▶ **Exercise**: Where the line containing "4531 Paris Ave — Photo 8" appears below, start there and repeat each line exactly to the end. Leave the pictures out.

▶ **Recorded information**:
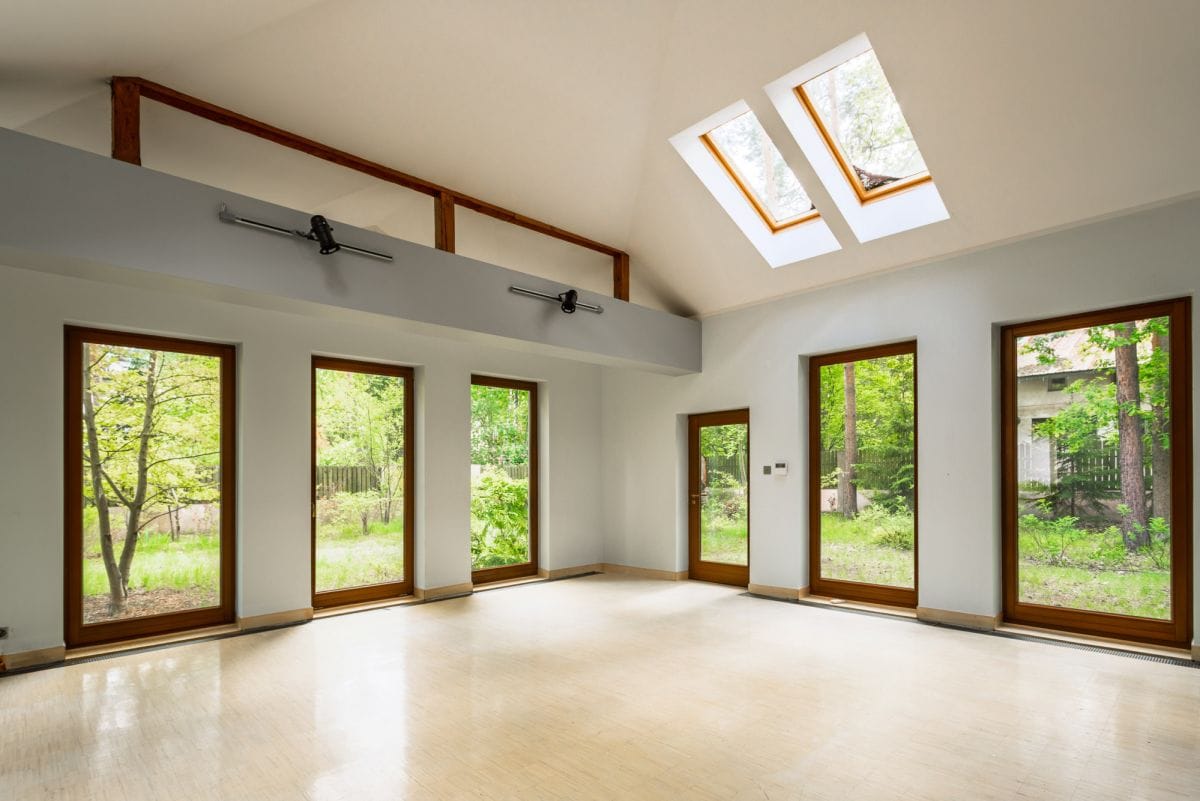 Dom 8 pokojowe na Sprzedaż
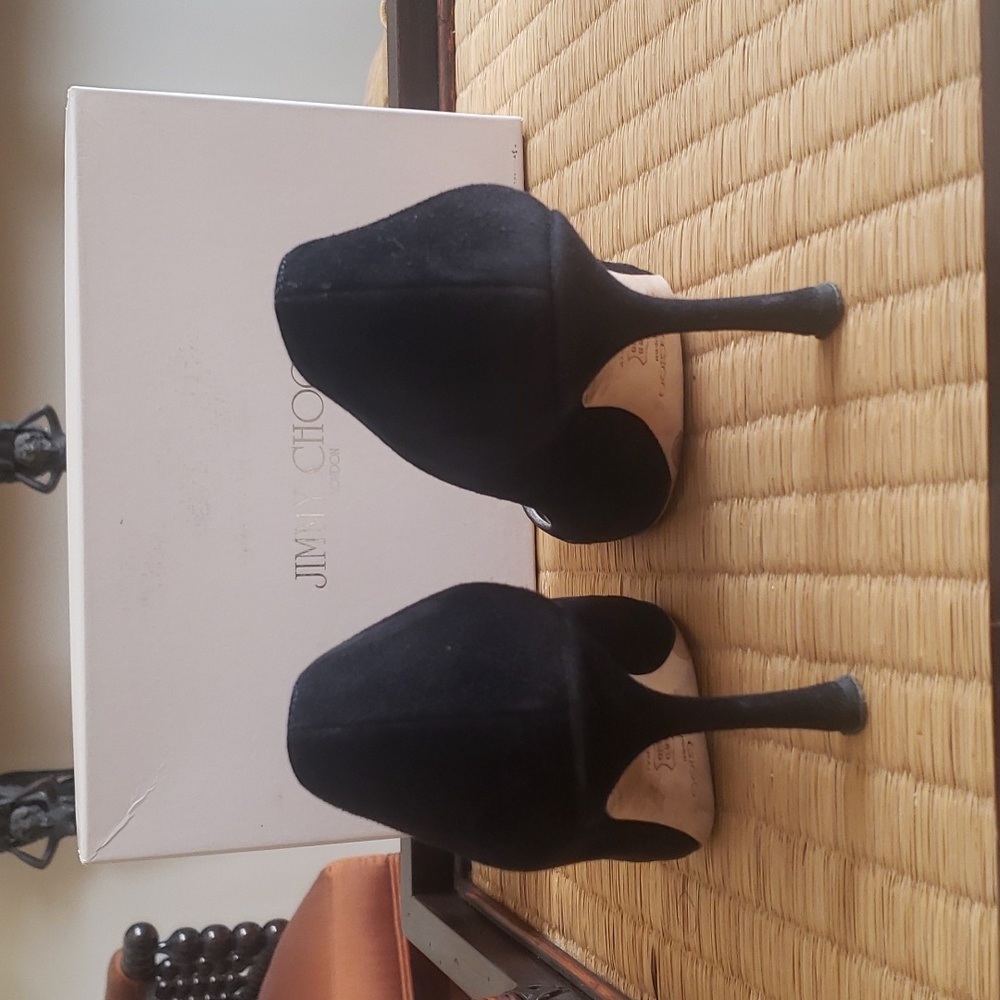Jimmy Choo - Picture 3 of 4
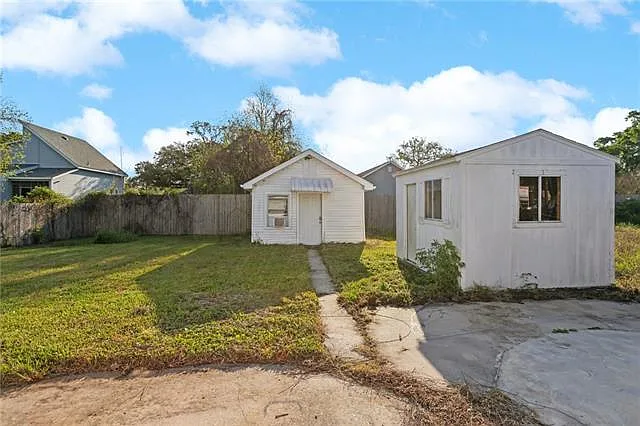 4531 Paris Ave — Photo 8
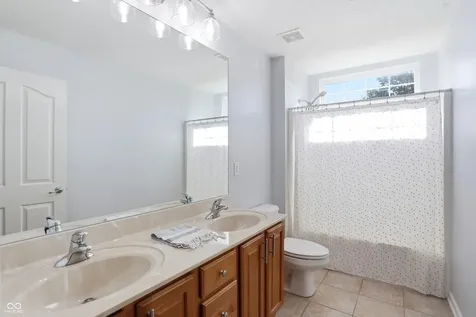 12584 Elgin Court Fishers IN 46037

▶ **Written response**:
 4531 Paris Ave — Photo 8
 12584 Elgin Court Fishers IN 46037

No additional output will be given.